Development of postharvest UV light therapy technology for extended preservation of fresh organic fruits and vegetables

Activity summary

Fruits and vegetables are perishables since they maintain an active metabolism in the postharvest phase. The factors causing early termination of their storage life are relatively high respiration rates and senescence, transpiration, and high susceptibility to fungal infection. Storage diseases are responsible for substantial postharvest losses. Currently, the most important means of maintaining quality and prolonging the shelf-life of organic produce is low temperature storage, as organic producers have no access to chemical programs, unlike the growers and storage operators of regular crops. Pre-storage treatment with hormetic (hormesis is the stimulation of beneficial responses by low levels of stressors which are otherwise harmful) doses of UV-C has been shown to control diseases and delay senescence in fresh fruits and vegetables by the induction of natural defense mechanisms of the produce. In addition, UV-C induced responses typically persist even when the treated produce is subsequently exposed to other stresses during storage. However, UV-induced effects are localized and not systemic, which necessitates the exposure of the entire surface of crops of varying sizes and shapes to elicit the beneficial responses. Overcoming this challenge can lead to an effective preservation technology, as an adjunct to refrigeration, for fresh crops.

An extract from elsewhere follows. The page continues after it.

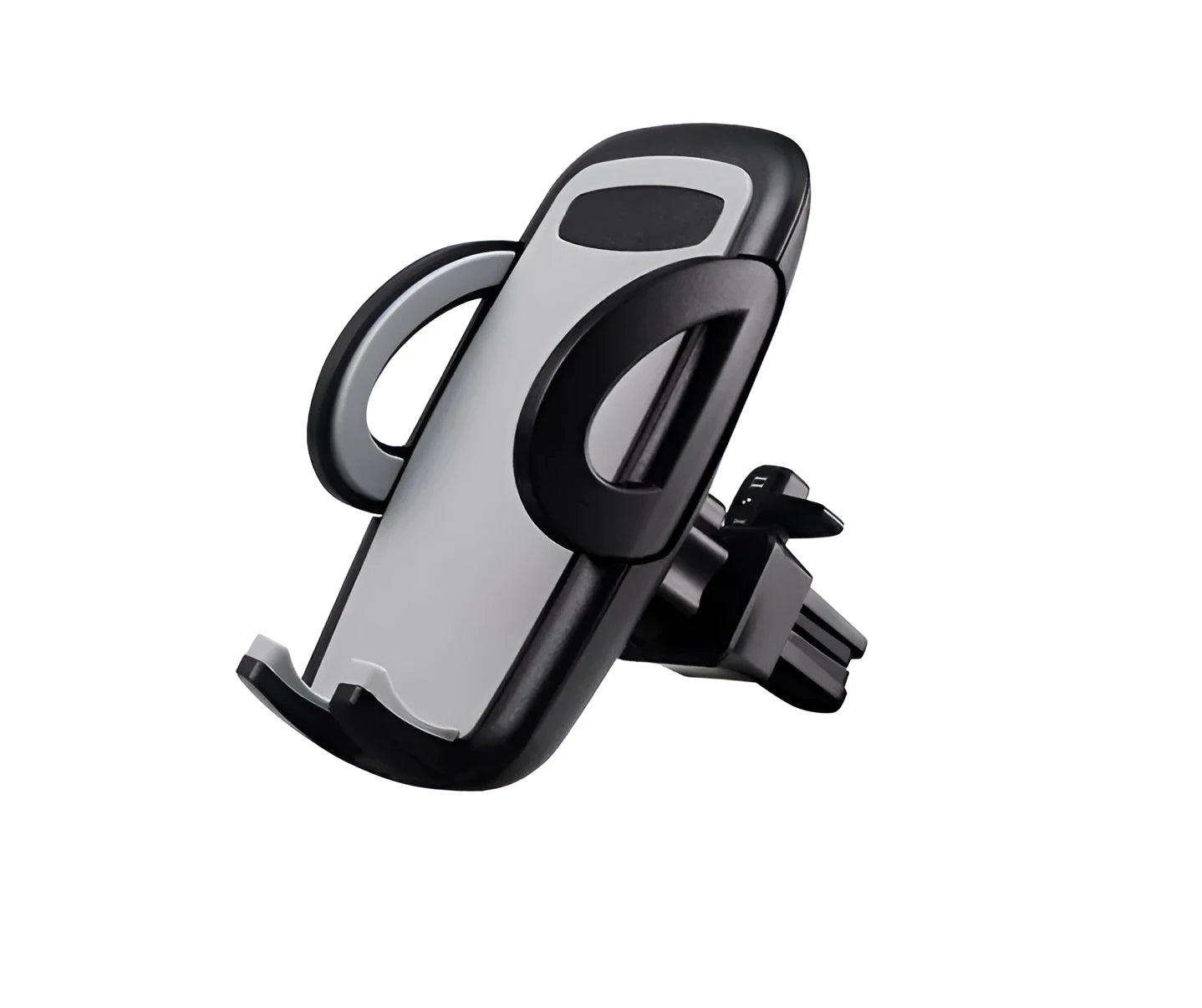 Black plastic mobile phone holder mounted on a car air conditioning vent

The objective of this research activity is to develop a postharvest UV light therapy technology for extended preservation of fresh organic fruits and vegetables by induction of disease resistance and delayed senescence. Initial efforts will be directed towards the design and construction of a prototype UV light exposure system and a working model capable of high throughput. The system will be tested for uniform light exposure using a number of products, selected for their size and shape (blueberry, strawberry, tomato, bell pepper, carrot and broccoli). The system will be modified, if necessary, to achieve the goal of exposing the entire surface of the products to UV, and a working model will be constructed. In parallel, studies will be carried out to determine the hormetic doses for selected produce based on UV-induced disease resistance and delayed senescence. Further work will involve the determination of the effects of cultivar and physiological age of the produce on the hormetic doses and UV-induced responses. Subsequently, the conditions for UV treatment (hormetic UV dose and fluence rate, and tissue orientation and temperature) will be evaluated. The next phase of investigation will involve the evaluation of the persistence of UV-induced effects in the treated produce during storage. The evaluation will include disease resistance and defense mechanisms, senescence-related changes, anti-oxidant capacity and health-promoting secondary metabolites. The final phase of the work will involve the evaluation of the shelf-life of produce, product quality and sensory attributes under both laboratory and commercial conditions, as well as the techno-economical feasibility of the treatment.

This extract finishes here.